To determine the volume of 0.450 M NaOH needed to neutralize the H2C2O4 in a separate 20.00 mL sample of the same oxalic acid solution, we can use the stoichiometry of the reaction.
The balanced equation for the reaction between oxalic acid (H2C2O4) and sodium hydroxide (NaOH) is as follows:
H2C2O4 + 2 NaOH → Na2C2O4 + 2 H2O
From the equation, we can see that the stoichiometric ratio between H2C2O4 and NaOH is 1:2. This means that for every 1 mole of H2C2O4, we need 2 moles of NaOH.
First, let's determine the number of moles of H2C2O4 in the 20.00 mL sample of the oxalic acid solution.
To do this, we'll use the concentration of the potassium dichromate (K2Cr2O7) solution (0.200 M) and the volume required (6.69 mL) to react with the oxalic acid.
The balanced equation for the reaction between K2Cr2O7 and H2C2O4 is:
H2C2O4 + 3 K2Cr2O7 + 8 H2SO4 → 3 CO2 + 3 Cr2(SO4)3 + 4 K2SO4 + 8 H2O
From the equation, we can see that the stoichiometric ratio between K2Cr2O7 and H2C2O4 is 3:1. This means that for every 3 moles of K2Cr2O7, we need 1 mole of H2C2O4.
We'll use the equation:
(0.200 mol/L) × (6.69 mL) = (x mol/L) × (20.00 mL)
where x is the number of moles of H2C2O4.
Rearranging the equation, we find:
x = (0.200 mol/L) × (6.69 mL) / (20.00 mL)
x = 0.0669 mol
So, we have 0.0669 mol of H2C2O4 in the 20.00 mL sample.
Since the stoichiometric ratio between H2C2O4 and NaOH is 1:2, we'll need twice the number of moles of NaOH to neutralize the H2C2O4.

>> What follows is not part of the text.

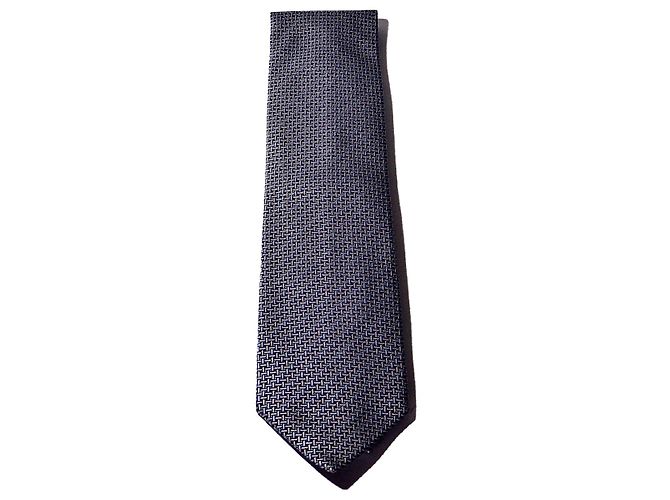 Hermès Blue Silk Tie Perrier-Jouët Edition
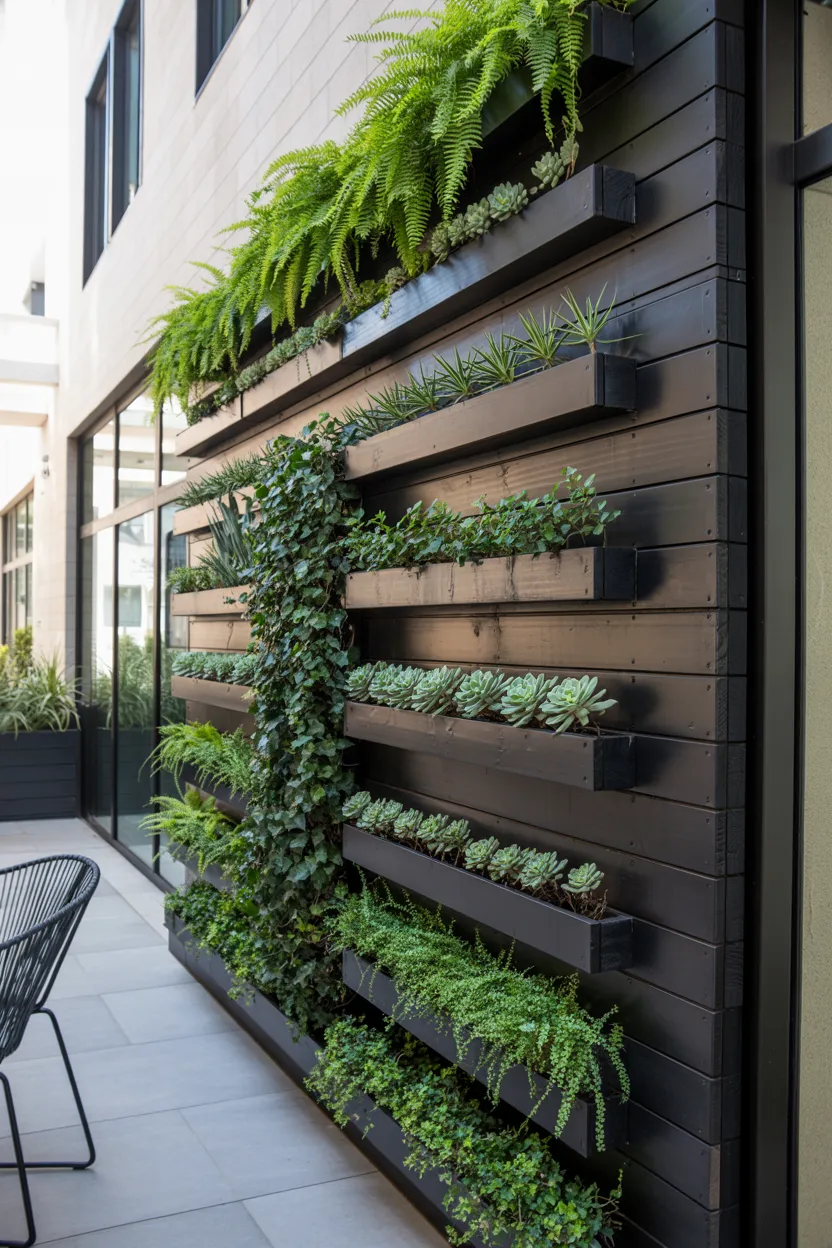 vertical wall gardens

The number of moles of NaOH needed is:
2 * (0.0669 mol) = 0.1338 mol
To determine the volume of 0.450 M NaOH required, we'll use the equation:
(0.450 mol/L) × (V mL) = (0.1338 mol) × (20.00 mL)
Solving for V, we find:
V = (0.1338 mol) × (20.00 mL) / (0.450 mol/L)
V ≈ 5.956 mL
Therefore, approximately 5.956 mL of 0.450 M NaOH is required to completely neutralize the H2C2O4 in the separate 20.00 mL sample of the oxalic acid solution.

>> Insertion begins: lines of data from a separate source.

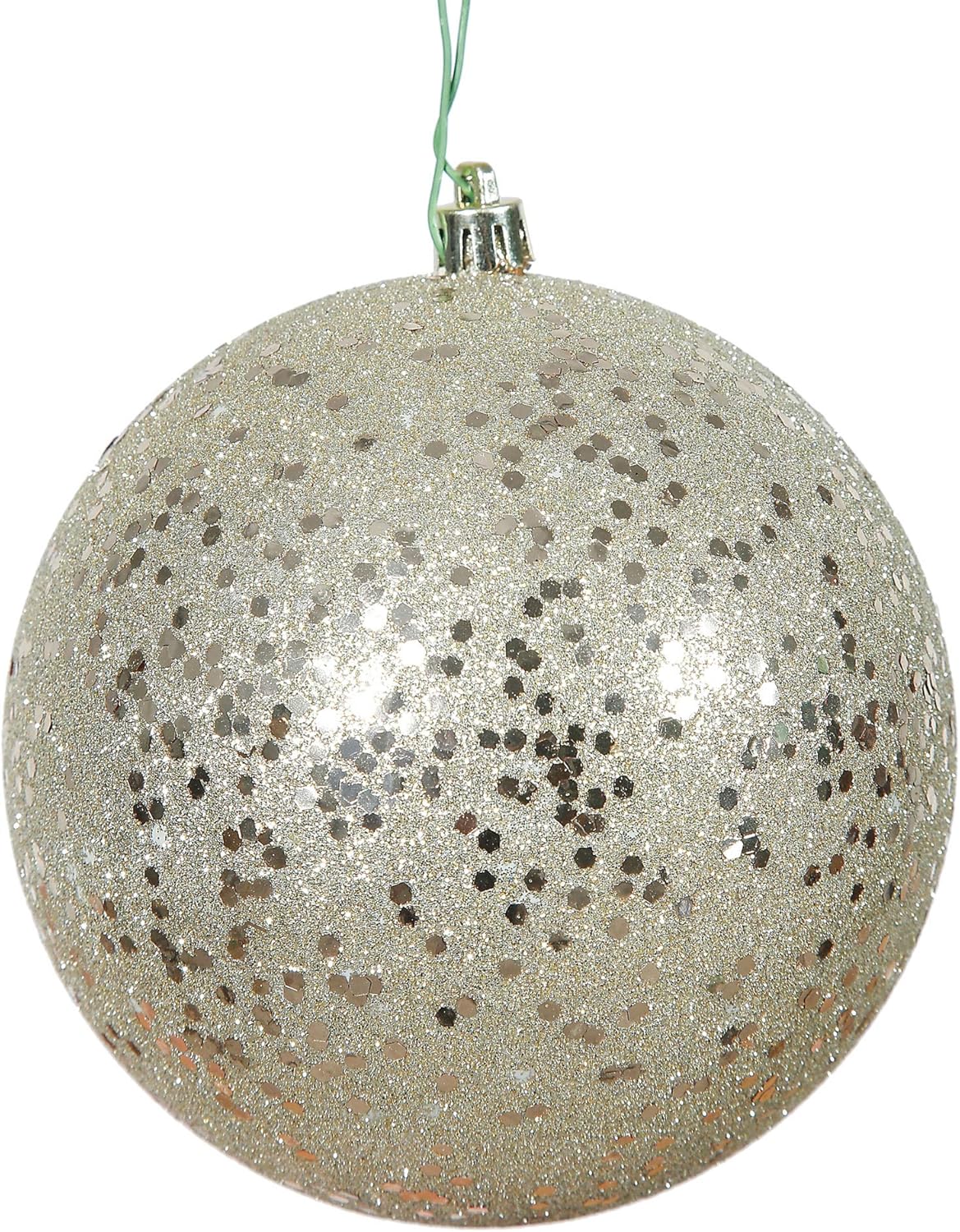 Vickerman 6 Inch Champagne Sequin Ball Ornament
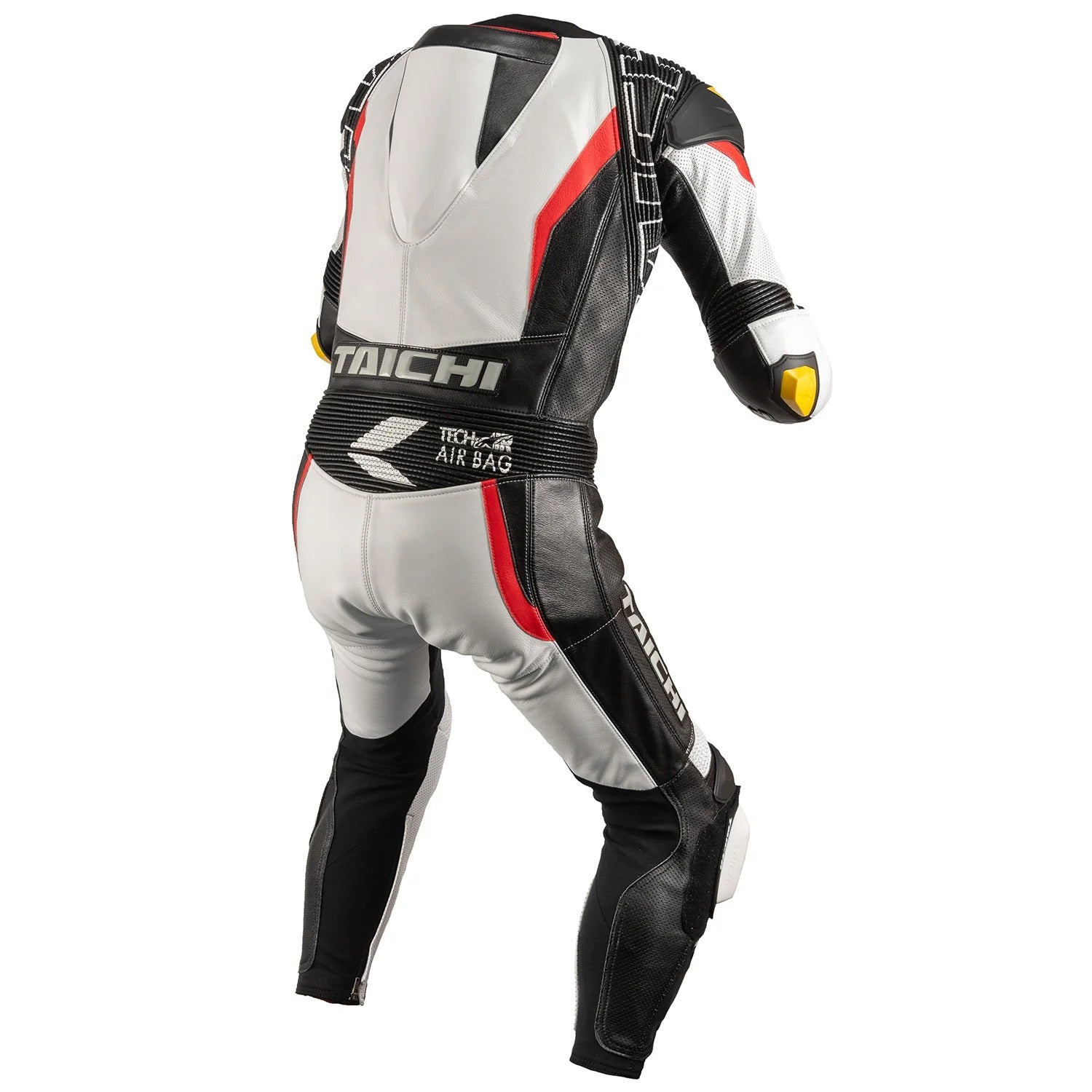 GP-EVO TECH AIR RACE SUIT WHITE/RED NXL109 (NEW)-Motorcycle Race Suit
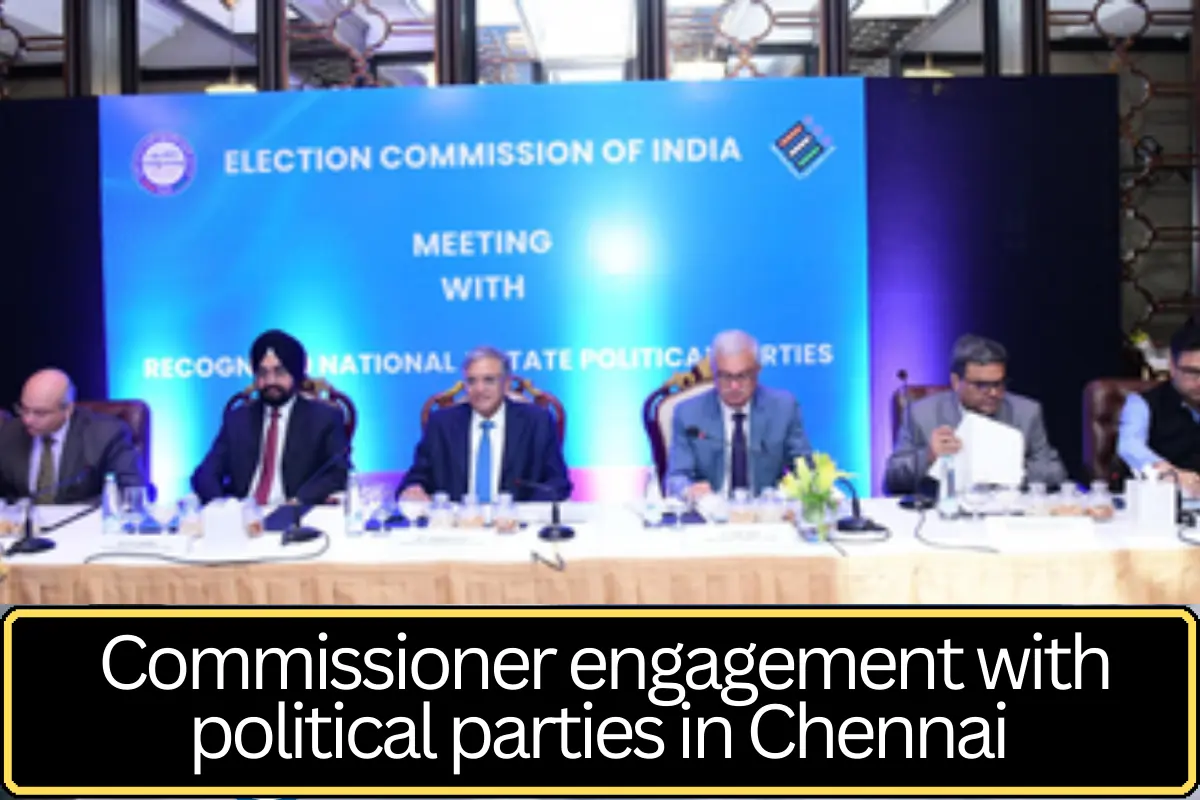Election Commissioners Engage with Political Parties in Chennai, Assure Free and Fair Polls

To calculate the amount of NaOH needed to neutralize the oxalic acid, we need to consider the stoichiometry of the reaction between oxalic acid (H2C2O4) and NaOH. This reaction can be represented by the following balanced equation:
2H2C2O4 + 2NaOH -> Na2C2O4 + 2H2O
From the equation, we can see that 2 moles of oxalic acid react with 2 moles of NaOH to form 1 mole of sodium oxalate and 2 moles of water.
Given that the volume of the oxalic acid solution is 20.00 mL and the concentration of NaOH is 0.450 M, we can use the following equation to calculate the amount of NaOH needed:
moles of H2C2O4 = volume (in L) × concentration (in mol/L)
moles of NaOH = (moles of H2C2O4 / 2)
volume of NaOH = (moles of NaOH / concentration of NaOH)
Now let's calculate the moles of H2C2O4:
moles of H2C2O4 = 20.00 mL × (1 L / 1000 mL) × (6.69 mL K2Cr2O7 / 20.00 mL H2C2O4) × (0.200 mol K2Cr2O7 / 1 L)
= 0.002014 mol H2C2O4
Next, we calculate the moles of NaOH:
moles of NaOH = (0.002014 mol H2C2O4 / 2)
= 0.001007 mol NaOH
Finally, we calculate the volume of NaOH needed:
volume of NaOH = (0.001007 mol NaOH / 0.450 mol/L)
= 0.002238 L or 2.24 mL (rounded to two decimal places)
Therefore, approximately 2.24 mL of 0.450 M NaOH are required to completely neutralize the H2C2O4 in a separate 20.00 mL sample of the same oxalic acid solution.